Matthew Jenkins } You can Only Be What You Eat
BY MATTHEW JENKIN
A journey of a thousand miles starts with just one step. But no matter how flat the road may be, that first mile is always a bitch.
And so it was with my three-month challenge to look and feel like an Olympian before the London 2012 games kick off in the UK capital in July.
I am ditching the junk food and hours slumped on the sofa in front of the TV in favor of a healthy diet, the gym and heart-pumping exercise and sport.
However, the biggest hurdle so far has not been working up a sweat in the gym, but denying myself the food and drink which I have, for years, derived so much pleasure from.
Gone are the afternoon cake snacks, chocolate biscuit tea breaks, eating until my belly aches for lunch and dinner and tucking into a greasy kebab after a night swigging pints of lager.
Because pumping iron and pulse-racing cardio alone isn’t enough to get in shape and achieve that ripped and shredded body.
Eating a nutritious diet is equally important.
The trick is to develop a calorie deficit. In other words, burning more calories than you are consuming, forcing your body to use fat stores for energy.
Many diets would recommend a daily calorie reduction of 500 to 1,000 calories. However, to help maintain training intensity and avoid any muscle wastage, due to a calorie deficiency, it is recommended that you limit your calorie reduction to 500.
But while having a negative calorific balance will lead to weight loss, radical measures like skipping meals is not sustainable and all too often the increased hunger response will lead you to eat more in your other meals.
A more sustainable approach to weight loss is, therefore, to eat little and often; eating the right things at the right time.
Aiming to consume around 1,800 calories a day instead of the, oooh, millions I am used to, my day now consists of seven smaller meals instead of three stomach hemorrhaging feasts.
And to help continue building that all important muscle, I am making sure I fill my diet with plenty of protein rich foods, including three pieces of lean red meat a week, as well as fish, seafood, chicken and turkey.
Unwittingly I have become one of those irritating stick-thin women on low-fat cracker adverts, pointing at packaged food and wagging my finger in disapproval at the astronomic calorie count, all the while munching on a piece of cardboard, wishing it was covered in chocolate, dipped in beer and deep fat fried.

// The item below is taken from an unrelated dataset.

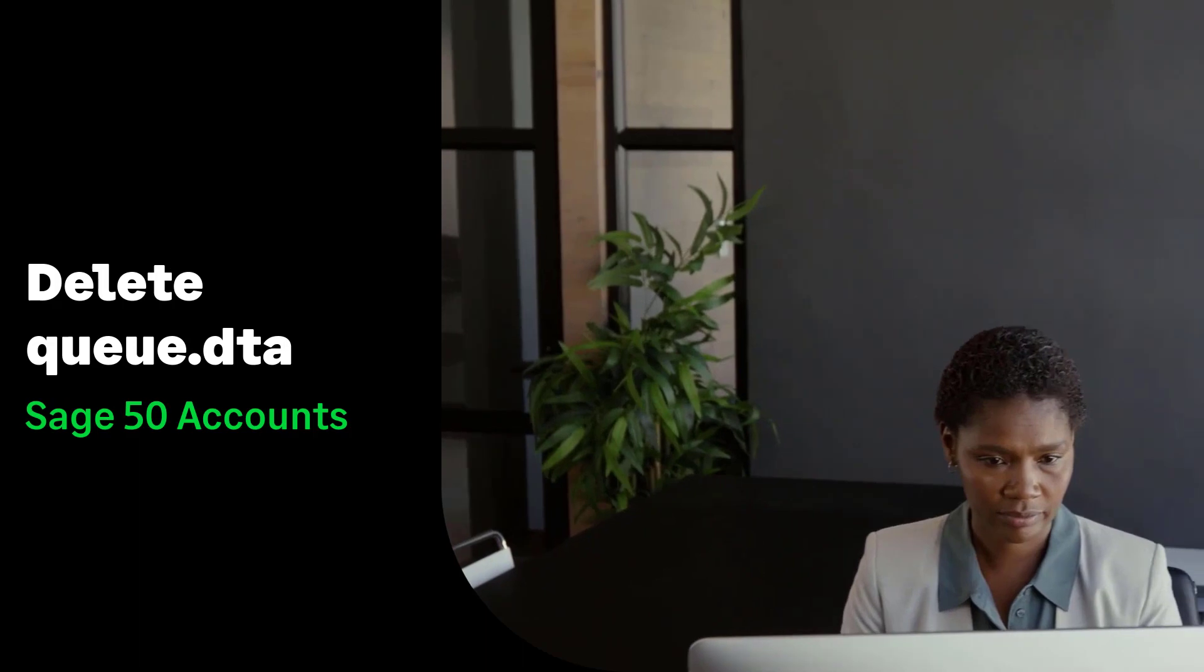In this video we're going to explain the steps to delete your QDTA file. Before following these steps though, make sure you have followed the steps prior to this section in the article which outlines how to stop your data service and also locking remote data access or Sage Drive.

Grazing throughout the day does, admittedly, just about stave off the hunger, but when your body feels like it’s been hit by a truck after a particularly strenuous work-out, sometimes the last thing you’re hankering for is a healthy salad and a wheatgrass shot.
But while I may not have quite passed that all important milestone which marks the point from which this challenge becomes less of a grind, the seemingly impossible task of eating a balanced diet in a sea of decadent gastronomy is at least becoming more routine.
And, more importantly, I am already seeing results. Or at least my colleagues are, commenting that I looked that little bit thinner.
Eating like a rabbit may be anti-social at times, saying no to your weekly binge drink and pizza and DVD night, but when I’m grating cheese on my washboard abs and cracking walnuts between my iron buttocks, who needs fat friends with drinking habits?
Because I’ll be with the beautiful people then, sunning myself next to Tom Daley and rubbing oil on Matthew Mitcham's perky pecs. Bring it on!